# Wahl clippers recomendations



## EmmaW (Mar 7, 2021)

Hi everyone,
I am a new dog owner looking for a good clippers to groom the puppy. I was looking at the Wahl Max 45. I tried to look over the discussions, but could bot find anyone mentioned them (Max comes up with many, but not the clippers  ). Please share your opinion on the set, good/not so much...


----------



## mudpuppymama (Mar 24, 2012)

EmmaW said:


> Hi everyone,
> I am a new dog owner looking for a good clippers to groom the puppy. I was looking at the Wahl Max 45. I tried to look over the discussions, but could bot find anyone mentioned them (Max comes up with many, but not the clippers  ). Please share your opinion on the set, good/not so much...


I am not familiar with the Wahl clipper. I have a very good Andis clipper. However, after grooming Mia for many years I have switched to using a scissors only. I find that I can do everything with scissors. It is easier, Mia likes it better and I like the results better. However, everyone has their own preference. Just throwing this out there as an alternative.


----------



## Kellcinn (Mar 2, 2021)

I have clippers bought for my last pupthrob. (Lhasa x shi tsu).

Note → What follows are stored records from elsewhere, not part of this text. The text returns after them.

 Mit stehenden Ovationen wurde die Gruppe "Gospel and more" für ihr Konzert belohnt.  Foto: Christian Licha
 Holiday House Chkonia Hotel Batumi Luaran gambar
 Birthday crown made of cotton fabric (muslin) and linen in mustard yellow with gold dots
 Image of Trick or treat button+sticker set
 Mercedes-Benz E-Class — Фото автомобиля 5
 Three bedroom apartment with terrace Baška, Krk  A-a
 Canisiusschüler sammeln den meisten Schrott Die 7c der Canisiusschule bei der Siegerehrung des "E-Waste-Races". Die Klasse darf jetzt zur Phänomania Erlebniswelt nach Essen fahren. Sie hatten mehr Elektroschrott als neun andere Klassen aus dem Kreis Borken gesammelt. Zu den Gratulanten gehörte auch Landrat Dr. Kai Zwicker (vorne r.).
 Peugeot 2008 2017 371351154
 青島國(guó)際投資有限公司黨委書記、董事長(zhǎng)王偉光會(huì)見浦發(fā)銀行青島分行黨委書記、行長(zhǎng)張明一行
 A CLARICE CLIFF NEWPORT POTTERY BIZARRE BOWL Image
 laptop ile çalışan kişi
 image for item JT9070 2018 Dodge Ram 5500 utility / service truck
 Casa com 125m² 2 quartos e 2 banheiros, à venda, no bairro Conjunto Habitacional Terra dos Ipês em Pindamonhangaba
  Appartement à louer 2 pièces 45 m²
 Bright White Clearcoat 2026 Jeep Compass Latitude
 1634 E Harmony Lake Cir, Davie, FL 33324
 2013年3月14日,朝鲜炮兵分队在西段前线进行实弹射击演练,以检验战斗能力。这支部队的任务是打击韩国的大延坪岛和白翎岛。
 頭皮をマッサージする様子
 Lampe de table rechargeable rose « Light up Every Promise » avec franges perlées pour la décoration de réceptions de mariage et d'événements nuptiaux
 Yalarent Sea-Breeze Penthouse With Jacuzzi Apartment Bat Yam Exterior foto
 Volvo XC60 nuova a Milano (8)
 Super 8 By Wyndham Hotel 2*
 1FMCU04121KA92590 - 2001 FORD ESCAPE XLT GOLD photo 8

I agree with Mudpuppymam, buy a good set of scissors, a few different sizes, & types. My clippers were only successfully used for about 10 minute sessions when Woody couldn’t handle groomer visits anymore. We always had great scissor sessions. Clippers were good for paw pad cleanup though between groomer visits!


----------



## EmmaW (Mar 7, 2021)

Thank you for the advice! I was wondering the same thing, if it is easier to groom with scissors. I saw a preview of Judi Murphy video, where she works mostly with scissors, looks great and easy, but I was not sure that I could handle it as a beginner. I will give it a try and hold on with clippers.


----------



## mudpuppymama (Mar 24, 2012)

Kellcinn said:


> I have clippers bought for my last pupthrob. (Lhasa x shi tsu). I agree with Mudpuppymam, buy a good set of scissors, a few different sizes, & types. My clippers were only successfully used for about 10 minute sessions when Woody couldn’t handle groomer visits anymore. We always had great scissor sessions. Clippers were good for paw pad cleanup though between groomer visits!


I actually use scissors for paw pad trimming too. I tried the clippers a few times for paw pads but Mia hates it! She stands like a statue when I use scissors on her paw pads but is super jumpy with the clippers. I know I could get closer with the clipper and wish she liked it but I just do them more often with the scissors. I also have a different expensive battery operated clipper for butt trimming...never use that either!


----------



## mudpuppymama (Mar 24, 2012)

EmmaW said:


> Thank you for the advice! I was wondering the same thing, if it is easier to groom with scissors. I saw a preview of Judi Murphy video, where she works mostly with scissors, looks great and easy, but I was not sure that I could handle it as a beginner. I will give it a try and hold on with clippers.


I definitely find the scissors easier and more forgiving than the clippers! Good luck!


----------



## EmmaW (Mar 7, 2021)

mudpuppymama said:


> I definitely find the scissors easier and more forgiving than the clippers! Good luck!


Thank you, a bit of luck would be great


----------



## mudpuppymama (Mar 24, 2012)

EmmaW said:


> Thank you, a bit of luck would be great


If I can do it, you can! Just remember to always see where you are cutting. You can also keep your fingers between scissors and dog to help overcome fear of cutting dog!


----------